We visited Petra in Jordan during our honeymoon and I was intrigued to learn of how the iconoclasts destroyed much of the imagery at the site. ISIS’s destruction of Palmyra in Syria or the Taliban’s destruction of the standing Buddhas in Afghanistan are more recent examples of upstart movements destroying the effigies of a defunct cultural legacy. The modern protest movement destroying anything that relates to race or the history of slavery is a similar phenomenon that speaks to a deep emotional need to repeat the rallying cry of all populists. “What about me?” It is also worth considering it is as much of generation war as it is about race, inequality opportunity and entitlement.

The number of homeless people on the streets of Los Angeles has ballooned over the last couple of months and that is despite the fact that many public spaces and recreation centres have been devoted to shelters. The fact that many people returning to Las Vegas are not wearing masks, or that many of the protestors on the streets are ignoring social distancing is part of the wider “you only live once” (YOLO) zeitgeist.

I know I personally have occasionally ruminated on the benefits of getting the virus while medical facilities are available rather that running the risk of not being able to get care when they are over-burdened. I suspect many people are in the same boat, or no longer care.

Mortgage applications are at decade highs and the trajectory of this chart is practically identical to the sales Mrs.

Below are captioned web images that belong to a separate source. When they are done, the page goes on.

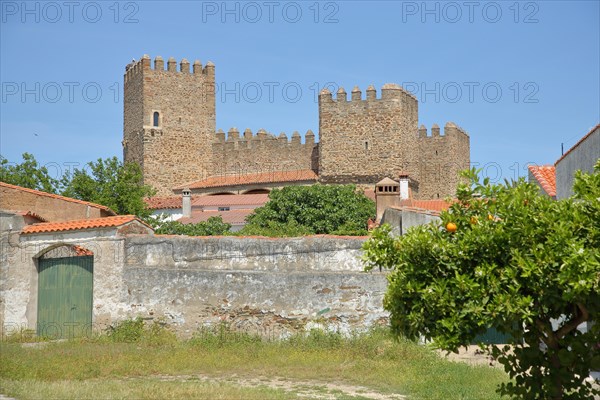 Historic fortification Castillo Castle with orange tree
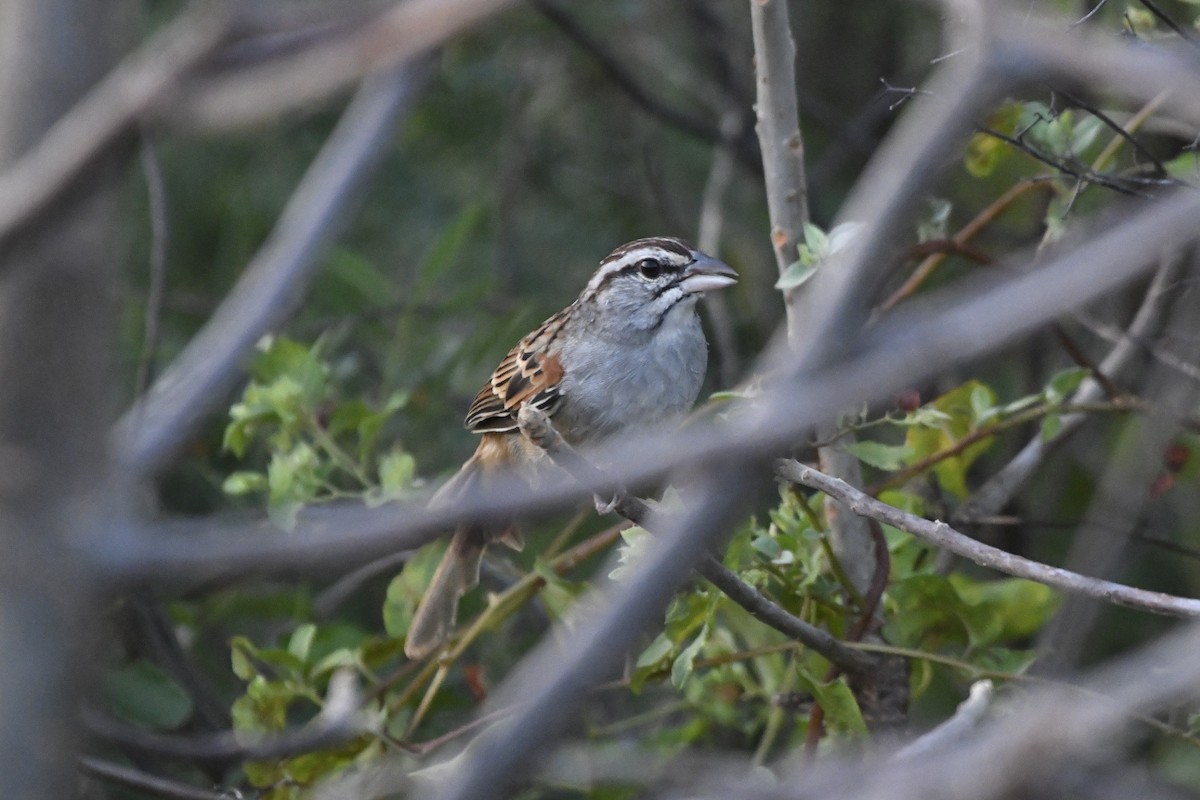 Cinnamon-tailed Sparrow - ML646741841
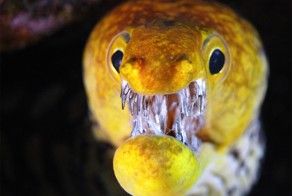 Мурена и ее зубы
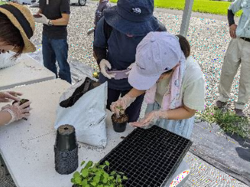 ちぎ食と農ファン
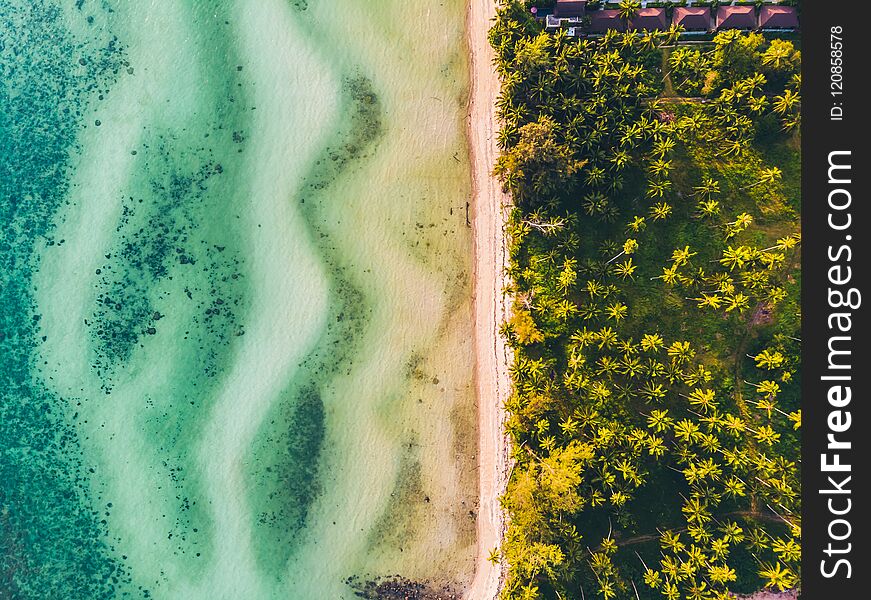 Aerial view of beautiful tropical beach and sea with trees on island for travel and vacation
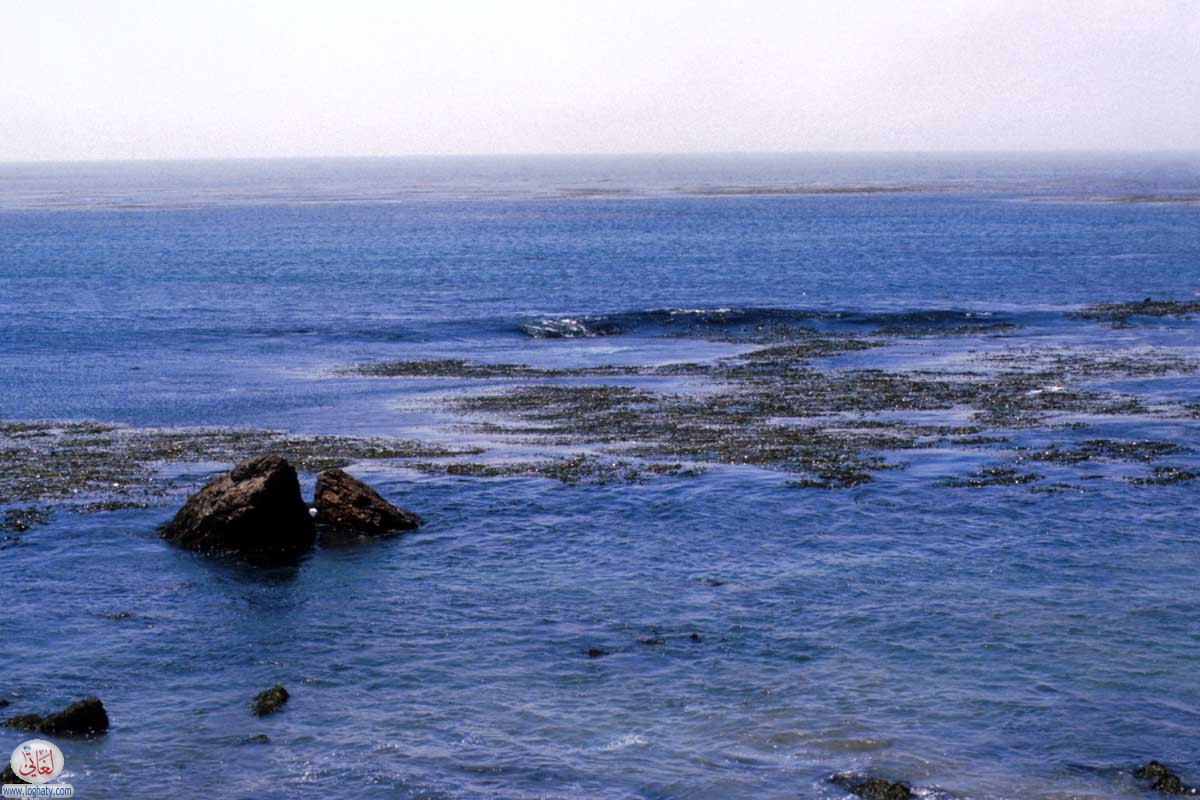 california-32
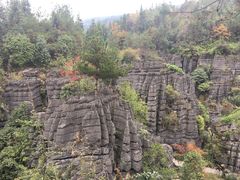 -梭布垭石林景区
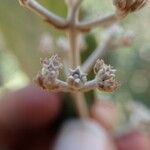 Argophyllum latifolium ഫലം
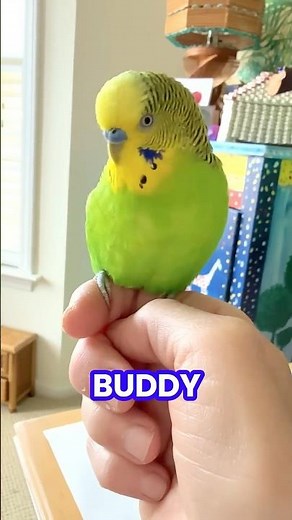 Talking budgie buddy!🦜￼ #parakeet #talkingparrot #budgies #pets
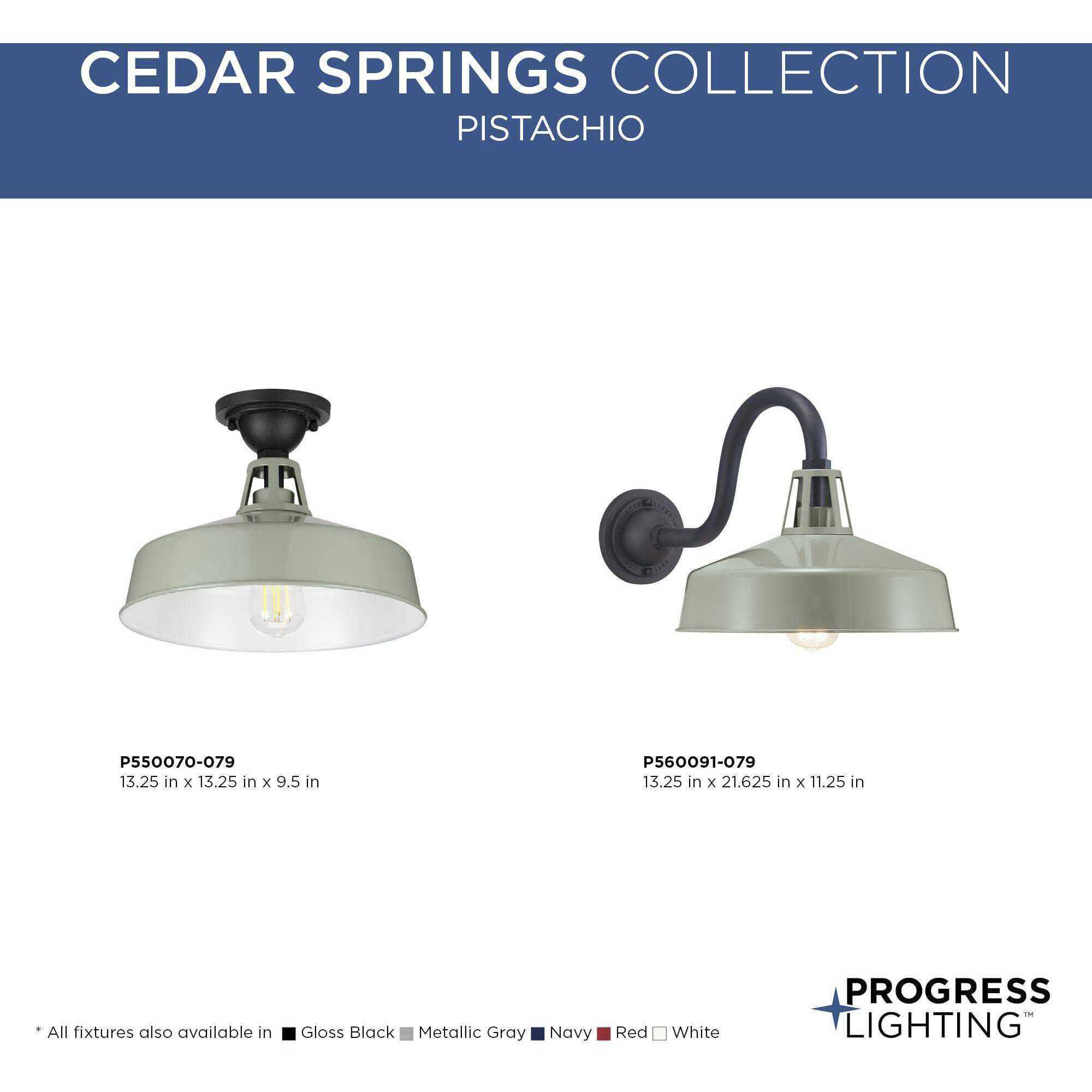 Cedar Springs 1 Light 11 inch Pistachio Outdoor Wall Lantern, Extra Large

Treacy is getting on Amazon where this month is up 26% on June 2019. My fear is we are in the eye of the storm. Devil-may-care risk tolerance is surging. Maybe it will be enough to sustain stock prices and maybe vaccines will be delivered in the next few months. This is an election year, so there is a tendency to provide stimulus. However, the Democrats are talking about raising taxes.





The S&P500 is hanging on to the 3,000 level. The Dow Jones Industrials is at 25,000, The Nasdaq-100 is at 9,500, The FTSE-100 is at 6000 and the DAX is at 12000. Many of these indices are testing their respective trend means. Failures at these levels would signal a deeper corrective phase, which in some cases could test the lows. The bullish perspective would be that these are largely equal-sized reactions compared to those seen since March. Therefore, we are at a major decision point.